Dead Letter Queue

A Dead Letter Queue (DLQ) is where messages go when they've failed too many times and the queue gives up retrying. Instead of retrying forever or dropping the message, the queue moves it to a safe holding area — out of the main queue's way — where engineers can inspect it and decide what to do.

The problem#

At-least-once delivery means the queue retries on failure. But what if the consumer keeps crashing on the same message every single time?

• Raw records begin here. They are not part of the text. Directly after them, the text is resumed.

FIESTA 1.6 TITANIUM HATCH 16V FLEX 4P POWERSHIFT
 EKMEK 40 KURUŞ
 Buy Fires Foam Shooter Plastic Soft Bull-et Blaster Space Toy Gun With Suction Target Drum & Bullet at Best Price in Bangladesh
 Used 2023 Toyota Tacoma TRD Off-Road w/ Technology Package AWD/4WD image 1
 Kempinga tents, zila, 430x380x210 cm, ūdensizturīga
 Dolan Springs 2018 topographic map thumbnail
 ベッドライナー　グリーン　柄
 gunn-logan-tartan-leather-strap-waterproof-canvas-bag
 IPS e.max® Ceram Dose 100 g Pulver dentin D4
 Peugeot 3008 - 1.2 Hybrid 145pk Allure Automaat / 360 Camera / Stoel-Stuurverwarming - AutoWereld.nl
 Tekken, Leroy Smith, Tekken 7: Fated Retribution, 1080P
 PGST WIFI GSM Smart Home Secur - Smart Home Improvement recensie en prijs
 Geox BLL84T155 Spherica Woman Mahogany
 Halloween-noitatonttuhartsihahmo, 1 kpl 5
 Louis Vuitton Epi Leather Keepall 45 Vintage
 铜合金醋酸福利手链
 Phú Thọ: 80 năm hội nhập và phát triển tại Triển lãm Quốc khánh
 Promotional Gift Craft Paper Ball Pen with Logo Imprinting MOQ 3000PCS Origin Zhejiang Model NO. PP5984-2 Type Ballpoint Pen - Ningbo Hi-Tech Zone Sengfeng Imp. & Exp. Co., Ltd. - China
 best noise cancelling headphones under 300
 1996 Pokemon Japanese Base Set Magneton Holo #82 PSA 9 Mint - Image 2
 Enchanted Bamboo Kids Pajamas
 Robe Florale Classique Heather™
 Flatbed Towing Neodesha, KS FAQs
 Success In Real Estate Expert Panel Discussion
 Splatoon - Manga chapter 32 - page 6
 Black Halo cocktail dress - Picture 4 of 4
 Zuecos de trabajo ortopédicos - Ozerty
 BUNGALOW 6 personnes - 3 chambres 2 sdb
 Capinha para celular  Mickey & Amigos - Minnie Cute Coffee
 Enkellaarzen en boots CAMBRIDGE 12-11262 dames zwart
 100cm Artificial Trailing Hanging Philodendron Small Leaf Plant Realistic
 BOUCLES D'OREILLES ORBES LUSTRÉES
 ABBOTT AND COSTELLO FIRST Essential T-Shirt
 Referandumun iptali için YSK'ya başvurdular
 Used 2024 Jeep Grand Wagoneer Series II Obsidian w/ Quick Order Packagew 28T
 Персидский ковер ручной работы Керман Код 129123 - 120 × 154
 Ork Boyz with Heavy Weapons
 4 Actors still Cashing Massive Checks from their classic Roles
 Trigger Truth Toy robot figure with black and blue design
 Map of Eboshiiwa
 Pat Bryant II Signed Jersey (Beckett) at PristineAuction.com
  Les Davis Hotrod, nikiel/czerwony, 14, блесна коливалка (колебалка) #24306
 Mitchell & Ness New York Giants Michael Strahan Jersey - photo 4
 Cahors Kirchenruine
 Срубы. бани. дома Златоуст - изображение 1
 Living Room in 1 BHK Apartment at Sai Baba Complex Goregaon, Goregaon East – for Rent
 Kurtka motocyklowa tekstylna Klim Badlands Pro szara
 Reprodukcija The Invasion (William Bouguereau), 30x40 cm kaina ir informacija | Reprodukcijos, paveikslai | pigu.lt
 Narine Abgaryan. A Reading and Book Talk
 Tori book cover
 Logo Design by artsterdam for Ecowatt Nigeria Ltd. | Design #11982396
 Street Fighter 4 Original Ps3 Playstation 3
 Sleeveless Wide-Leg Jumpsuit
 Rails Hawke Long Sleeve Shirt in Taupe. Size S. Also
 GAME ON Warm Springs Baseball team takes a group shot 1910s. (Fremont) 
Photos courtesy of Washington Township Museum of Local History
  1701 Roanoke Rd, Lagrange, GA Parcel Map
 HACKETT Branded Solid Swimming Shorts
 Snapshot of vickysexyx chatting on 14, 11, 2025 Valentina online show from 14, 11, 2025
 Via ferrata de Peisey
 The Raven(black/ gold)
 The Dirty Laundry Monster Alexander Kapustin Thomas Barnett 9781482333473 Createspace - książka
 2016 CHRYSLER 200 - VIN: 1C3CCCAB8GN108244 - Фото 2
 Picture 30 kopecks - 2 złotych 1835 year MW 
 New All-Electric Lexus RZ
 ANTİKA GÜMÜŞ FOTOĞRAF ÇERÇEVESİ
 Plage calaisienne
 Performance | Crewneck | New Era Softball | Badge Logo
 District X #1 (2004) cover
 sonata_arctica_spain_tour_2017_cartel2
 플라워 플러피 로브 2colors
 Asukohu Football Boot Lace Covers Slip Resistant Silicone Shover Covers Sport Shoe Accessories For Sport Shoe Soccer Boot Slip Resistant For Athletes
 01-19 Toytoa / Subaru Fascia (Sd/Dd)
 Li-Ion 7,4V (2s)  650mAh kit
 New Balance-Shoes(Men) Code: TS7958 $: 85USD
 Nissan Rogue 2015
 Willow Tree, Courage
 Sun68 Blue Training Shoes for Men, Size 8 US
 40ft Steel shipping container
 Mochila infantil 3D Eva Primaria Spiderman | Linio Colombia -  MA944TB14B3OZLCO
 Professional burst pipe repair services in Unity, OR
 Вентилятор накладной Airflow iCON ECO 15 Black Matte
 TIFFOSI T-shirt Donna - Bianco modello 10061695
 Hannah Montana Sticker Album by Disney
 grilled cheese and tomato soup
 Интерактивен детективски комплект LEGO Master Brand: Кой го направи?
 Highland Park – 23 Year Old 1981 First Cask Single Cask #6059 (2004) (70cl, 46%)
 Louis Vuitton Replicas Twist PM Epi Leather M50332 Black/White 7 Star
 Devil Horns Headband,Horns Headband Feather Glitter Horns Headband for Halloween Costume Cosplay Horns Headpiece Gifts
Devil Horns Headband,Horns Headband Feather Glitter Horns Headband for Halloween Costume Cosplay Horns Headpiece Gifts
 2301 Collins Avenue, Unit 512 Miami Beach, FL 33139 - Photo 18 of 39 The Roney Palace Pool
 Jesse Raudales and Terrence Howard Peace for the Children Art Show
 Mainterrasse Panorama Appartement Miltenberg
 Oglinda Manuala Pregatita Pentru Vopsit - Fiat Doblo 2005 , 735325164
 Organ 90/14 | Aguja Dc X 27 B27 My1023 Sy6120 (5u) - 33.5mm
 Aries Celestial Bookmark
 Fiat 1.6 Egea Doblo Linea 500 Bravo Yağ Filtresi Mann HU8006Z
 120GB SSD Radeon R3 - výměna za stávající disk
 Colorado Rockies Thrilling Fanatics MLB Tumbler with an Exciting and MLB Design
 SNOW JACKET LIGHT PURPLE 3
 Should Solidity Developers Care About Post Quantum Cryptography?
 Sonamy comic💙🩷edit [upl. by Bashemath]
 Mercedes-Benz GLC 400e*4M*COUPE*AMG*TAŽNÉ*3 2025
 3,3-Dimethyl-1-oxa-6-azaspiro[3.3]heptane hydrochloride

Message delivered → consumer crashes → redelivered
                 → consumer crashes → redelivered
                 → consumer crashes → redelivered
                 ... forever

The queue is now stuck. It keeps redelivering a message nobody can process, wasting resources, and blocking everything behind it.

You need a way to say: after N failures, stop retrying and move this message somewhere safe.

How it works#

The queue tracks the failure count — not the consumer. The consumer doesn't report failure. It just never sends an ACK. Silence = failure from the queue's perspective.

Every time the visibility timeout expires without an ACK, the queue increments a retry counter on that message.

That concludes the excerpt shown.